To implement this process, we will use Disk and Block abstractions whose implementation, while straightforward, depend on characteristics of particular devices and are omitted. We assume that a Disk is an indexed sequence of N disk blocks whose contents are Blocks, and that the Disk class has a member method read that takes an integer index parameter and returns a Block with the contents of the indexed disk block and a member method write that takes an index and a Block as parameters and writes the contents of the Block to the indexed disk block. We also assume that the Block class has a member method key that returns a sort key for the block.

As already noted in Section 6.6, one way to solve this problem is to use selection sort. This would correspond to our driver moving the truck in the first parking place to the extra place, then moving the truck with the smallest key to the first place, then moving the truck in the extra place to the place vacated, and so forth. This method is less attractive than the one depicted in Figure 11.12 because it requires substantially more driving, since every move involves driving a new truck to the extra place, while we expect to move relatively few trucks to the extra place in the method depicted in Figure 11.12 (see Exercise 11.44). More important, we have not discussed how the driver finds the truck that he needs. For selection sort, with a very long line of trucks, we might imagine that the driver will be spending a substantial amount of time walking down the row of trucks looking for the one with the smallest key. In our disk-sorting problem, this corresponds to a running time quadratic in the number of blocks, which may be unacceptable.

The sorting process divides into two steps: first we must compute, for each place, the index of the block that belongs there; then we must actually do the specified rearrangement.
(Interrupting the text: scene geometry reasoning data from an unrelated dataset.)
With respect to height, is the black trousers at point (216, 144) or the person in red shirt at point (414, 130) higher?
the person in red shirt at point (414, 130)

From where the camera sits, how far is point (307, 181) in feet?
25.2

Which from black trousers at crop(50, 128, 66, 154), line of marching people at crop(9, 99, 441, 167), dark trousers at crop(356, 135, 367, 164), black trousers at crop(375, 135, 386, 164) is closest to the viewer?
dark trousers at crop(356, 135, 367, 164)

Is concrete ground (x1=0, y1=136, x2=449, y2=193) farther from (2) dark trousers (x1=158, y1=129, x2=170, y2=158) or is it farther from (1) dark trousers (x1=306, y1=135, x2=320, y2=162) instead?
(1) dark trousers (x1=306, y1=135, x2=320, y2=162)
We can use any of our sorting algorithms for the first task, as follows: Define a class Item that implements our ITEM interface (see Section 6.2) with two fields: an index and a key. Then, create an array p of N items and initialize it (by scanning through all the blocks on the disk) by setting the index field of p[i] to i and the key field of p[i] to the key of the ith disk block. We assume that we have enough room in memory for such an array; if not, then the external sorting methods introduced in Section 11.4 apply. Now, if we define the less method to be

 boolean less(ITEM w)    { return this.key < ((Item) w).key; }

we can use any of the sorting methods that we have discussed (quicksort, for example) to sort the index items. After the sort, the index field of p[0] is the index of the disk block with the smallest key, p[1] gives the index of the data item with the second smallest key, and so on. That is, these index numbers are none other than the numbers shown in Figure 11.12, which tell the driver where to put each truck.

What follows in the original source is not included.